Your Land Rovers
Discovery 1 and ex-mod Defender 90
It was my dad who first saw this Discovery 1 advertised in a local paper. The description explained the vehicle had covered only 90,000 miles from new and had just benefited from a comprehensive service, including new brakes and tyres.
The original reason for new wheels was a driving trip to Italy my brother and I were planning. We thought a Discovery 1 would be better than our current Range Rover Classic, because its interior space could be used more effectively on an expedition.
Anyway, the asking price of the Disco seemed rather high (it was being sold by one of those ‘we buy any cars’ places) but because it was local to me, I thought it was worth a closer look.
At first glance, it looked to be in very good condition, wearing its
Epsom Green paint fairly well. But from my experience with Land Rovers this can be misleading – the phrase ‘never judge a book by its cover’ comes to mind.
The interior was absolutely immaculate and, being the posher Gs-spec, it had the added attraction of lovely half-leather seats in great condition.
I opened the bonnet and was presented with the iconic 3.9-litre, fuel-injected V8 Rover engine. It looked impressively clean, with only a little oil weeping from both rocker cover gaskets and the oil filter. I fired it up and it was immediately clear that the mid-exhaust silencer had been removed, along with both catalytic converters – it was sooo loud! I have no idea how it got through an MOT with the cats missing, but that’s another story.
After a few minutes the engine settled down to a nice idle speed, with no smoke coming from the exhaust; and the initial testdrive passed off without drama. The next place I checked was underneath, investigating all the usual Disco weak points, including the suspension components.
The only area that caused me a bit of concern was the rear crossmember – replacing one is a very involved job, as anyone who’s ever attempted it will know only too well.
This Disco had obviously seen better days; and I generally work on the assumption that if the crossmember is rotten then the boot floor and cross braces will also be in the same condition. In a way, this played in my favour because I knew I could use these points as bargaining chips.
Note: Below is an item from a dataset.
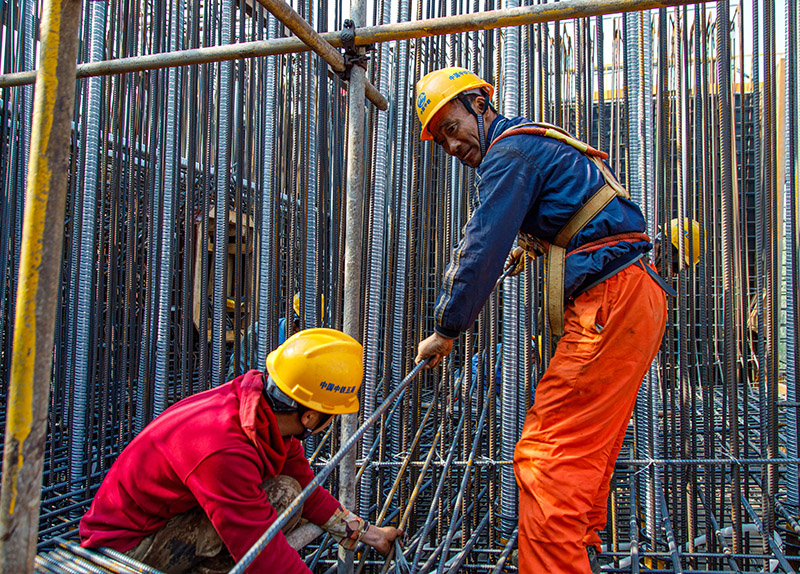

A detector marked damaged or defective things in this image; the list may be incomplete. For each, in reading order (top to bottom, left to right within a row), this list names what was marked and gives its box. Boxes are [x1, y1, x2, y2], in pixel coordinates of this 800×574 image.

After some serious negotiation I managed to get the Discovery for £1100 – considering it was initially up for £2500, I thought I didn’t do too badly!
After we got the vehicle back we wasted no time in putting it on the lift and giving it a thorough check. We estimated it would need another £800 spent on it to get it into a condition where we would be happy to take it on long-distance trips, and to press it into regular horseboxtowing
duties. The single-point LPG system would help keep fuel costs manageable.
Parts replaced included the exhaust system, front inner wings, rear inner wheelarches, brake pipes, rear crossmember, oil cooler, radiator, all bushes, four shock absorbers and the boot floor, including cross braces. We also gave it an engine service and a full fluid change, adding Evans waterless coolant. Quite a list.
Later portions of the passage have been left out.